Now explain how believing in vain changes it so that you do not have to hold firmly to the word to be saved. As you can see, it doesn't. You have to hold firmly to the gospel you heard in order to be saved. John says the same thing in 1 John 2:24. The condition for Christ and the Father to remain in you is that you remain in them in faith.Tong2020 said: ↑
Now, brothers, I want to remind you of the gospel I preached to you, which you received and on which you have taken your stand. By this gospel you are saved, if you hold firmly to the word I preached to you. Otherwise, you have believed in vain. (1 Cor 15:1-2)
The “if you hold firmly to the word I preached to you” is not a condition that one must satisfy to be saved, but is the reality that they have been saved by the gospel, the gospel that Paul preached to them.
You being more in line with Calvinist thought on this matter should explain to BB...I mean, GB...that a person can not depart from believing in the gospel and still be saved. I know you agree with that. You just believe that a person can not stop believing and will, therefore, always remain in Christ.
“Otherwise, you have believed in vain”. This part addresses their believing in the beginning, not anything else. That it should be of the gospel that he preached to them and not of something different from it. This is why he went on to declare the gospel yet again to them to remind them of it. He does this to allow for them to examine themselves whether they are in the faith or not. If not, it would then mean that their believing was in vain.
What Paul preached to them was the true gospel. As such it is the gospel Paul understood of them to have received and believed in their heart. Now to believe in the heart means to receive, accept, trust, hold dear, and stand firm. Such is the gospel by which they are saved if they have really believed it in their heart.
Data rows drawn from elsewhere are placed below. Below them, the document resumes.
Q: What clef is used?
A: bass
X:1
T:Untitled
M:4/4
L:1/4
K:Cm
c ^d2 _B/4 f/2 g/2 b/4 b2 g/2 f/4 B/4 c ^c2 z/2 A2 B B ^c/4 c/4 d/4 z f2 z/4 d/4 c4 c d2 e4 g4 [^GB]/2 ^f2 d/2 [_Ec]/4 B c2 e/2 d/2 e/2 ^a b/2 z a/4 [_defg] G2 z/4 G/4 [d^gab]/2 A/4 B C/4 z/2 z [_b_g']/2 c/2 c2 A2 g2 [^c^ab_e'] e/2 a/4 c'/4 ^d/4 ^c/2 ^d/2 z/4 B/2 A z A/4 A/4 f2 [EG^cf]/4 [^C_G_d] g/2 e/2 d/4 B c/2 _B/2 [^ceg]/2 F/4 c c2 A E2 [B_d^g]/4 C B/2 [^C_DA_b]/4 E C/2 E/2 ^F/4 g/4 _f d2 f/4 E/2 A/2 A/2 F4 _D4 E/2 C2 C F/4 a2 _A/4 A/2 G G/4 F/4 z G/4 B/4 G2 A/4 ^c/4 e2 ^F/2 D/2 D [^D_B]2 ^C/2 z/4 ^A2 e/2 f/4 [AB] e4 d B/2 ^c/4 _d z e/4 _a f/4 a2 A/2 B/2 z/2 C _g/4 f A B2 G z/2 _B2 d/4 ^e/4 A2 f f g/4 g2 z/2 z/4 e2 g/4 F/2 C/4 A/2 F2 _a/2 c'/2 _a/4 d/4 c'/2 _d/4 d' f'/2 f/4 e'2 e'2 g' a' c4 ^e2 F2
Now because there are some of them in the church in those times who believe and teach doctrines, such as that there is no resurrection of the dead, which altogether perverts the gospel he preached to them, that Paul went on to declare the gospel yet again to them to remind them of it. Those who hold to such doctrine or perverted gospel, means that their believing is one that is shown to be in vain. For it is manifested that it is either that it is not really the gospel that Paul preached to them that is what they believed in the beginning, or that they did not really believed in their heart the gospel that Paul preached to them.
As such, Paul in effect tells them, that they have actually believed in vain and were not actually saved.
Further, believing in vain is not something that one may do to change something, but is something that speaks about the futility or uselessness of the matter of believing, that may either be one that is believing in a perverted and false gospel, or one that is believing that is not in the heart.